*PROBLEM TO SOLVE*.
Omit all pictures. Print the remaining lines exactly, from the start of the data through the line containing "Nike Air Force 1 Low 07 白蓝小勾满天星 DD1982-351-High".

*THE DATA*.
□ □ □
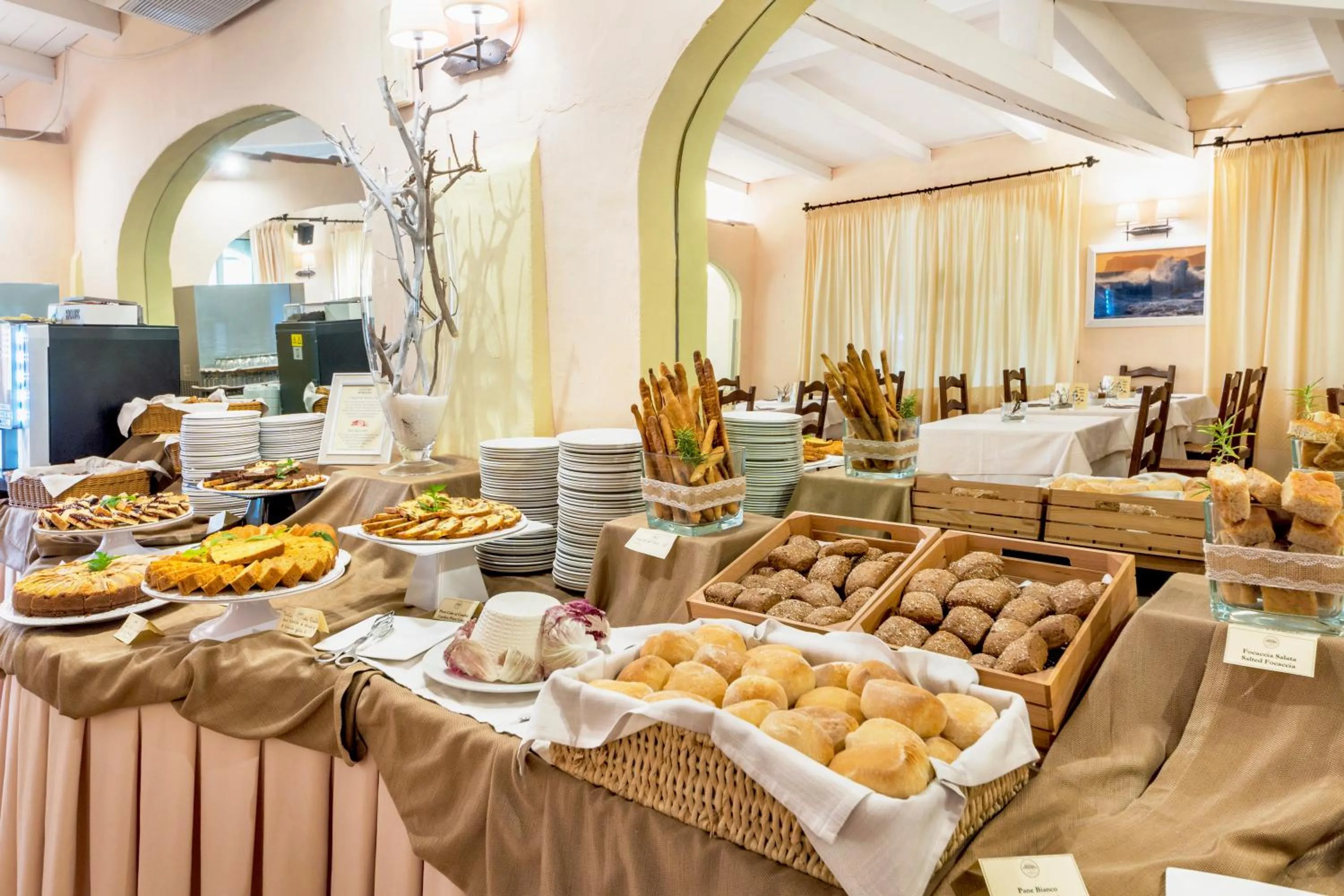 Buffet breakfast in Colonna Country Club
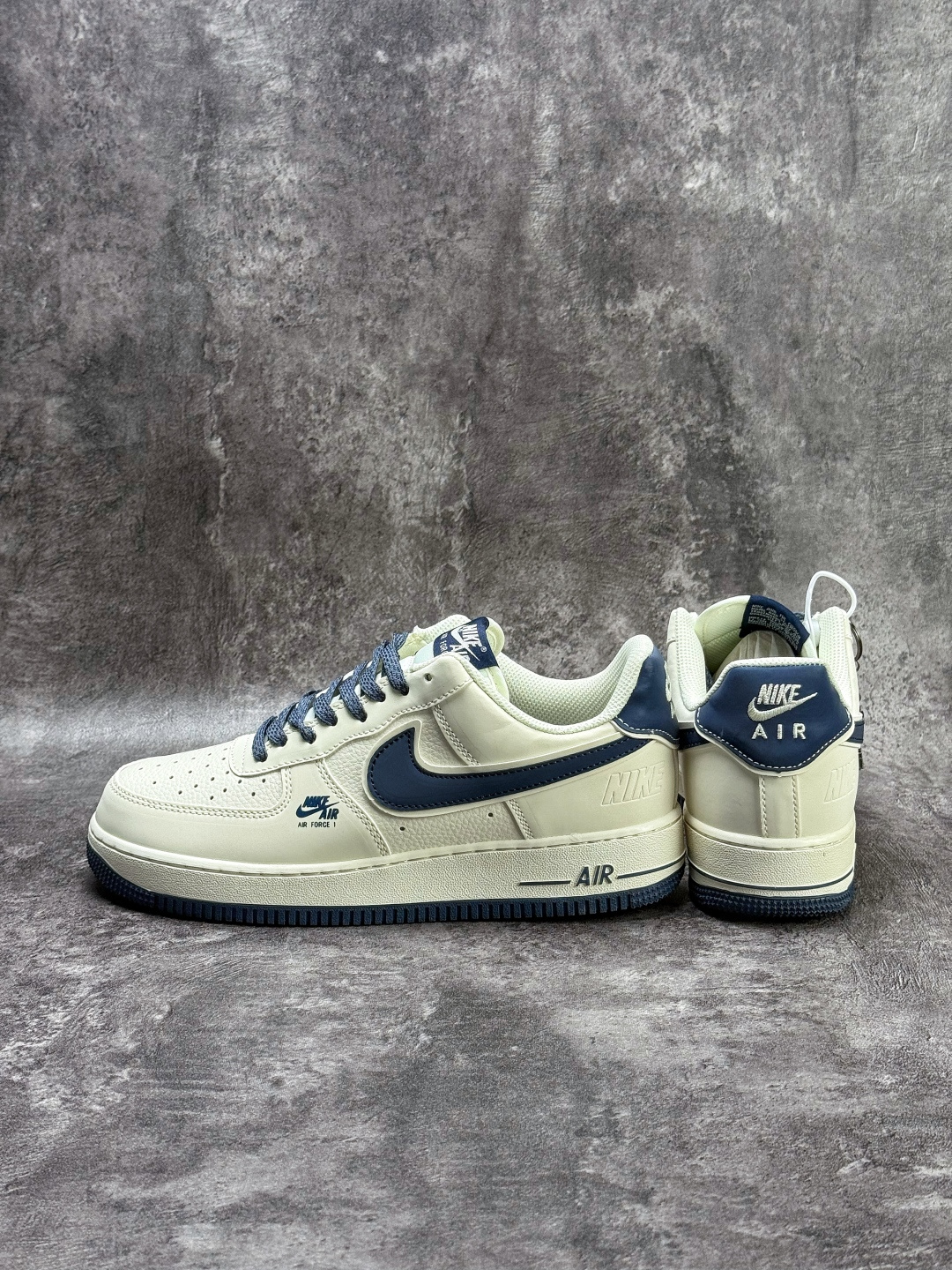 Nike Air Force 1 Low 07 白蓝小勾满天星 DD1982-351-High Quatity Cheap Brand wholesale wholesaler seller Clothes Bags handbags Sneakers Top Fashion Clothing Shoes from China Factory Chinese suppliers best Quality Beautiful Price Nike Air Force 1 Low 07 白蓝小勾满天星 DD1982-351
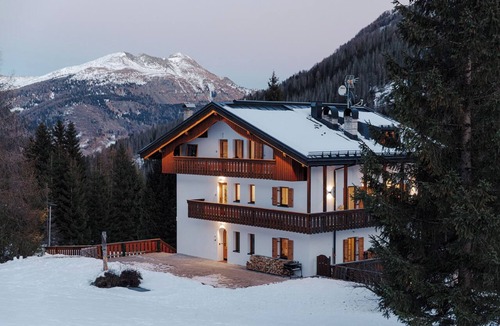 Livinallongo del Col di Lana Apartment | Borésc with private bio sauna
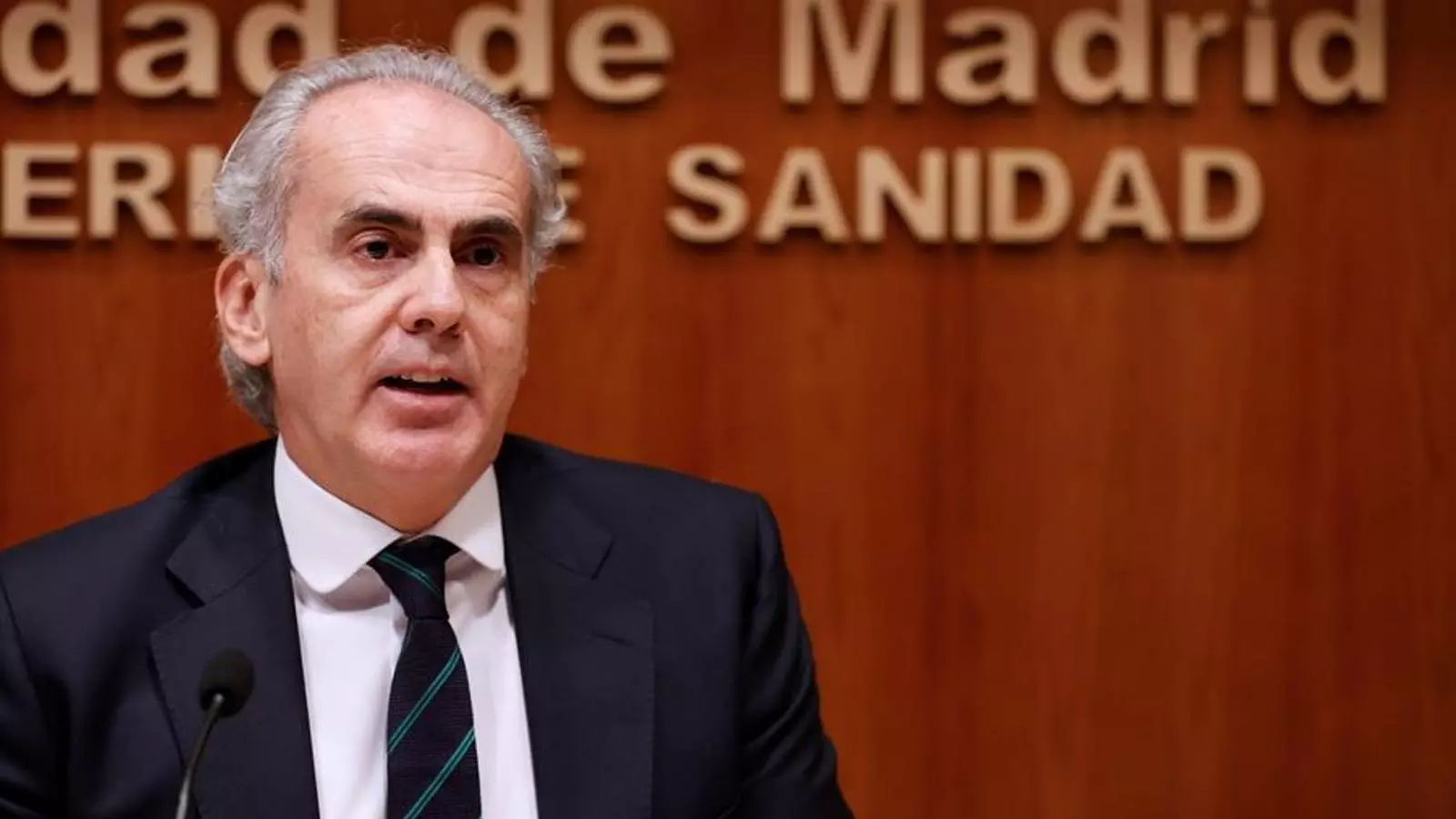 El conseller de Salut madrileny, Enrique Ruiz Escudero, durant la roda de premsa aquest divendres.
□ □ □
*SOLUTION TO THIS EXERCISE*.
 Buffet breakfast in Colonna Country Club
 Nike Air Force 1 Low 07 白蓝小勾满天星 DD1982-351-High Quatity Cheap Brand wholesale wholesaler seller Clothes Bags handbags Sneakers Top Fashion Clothing Shoes from China Factory Chinese suppliers best Quality Beautiful Price Nike Air Force 1 Low 07 白蓝小勾满天星 DD1982-351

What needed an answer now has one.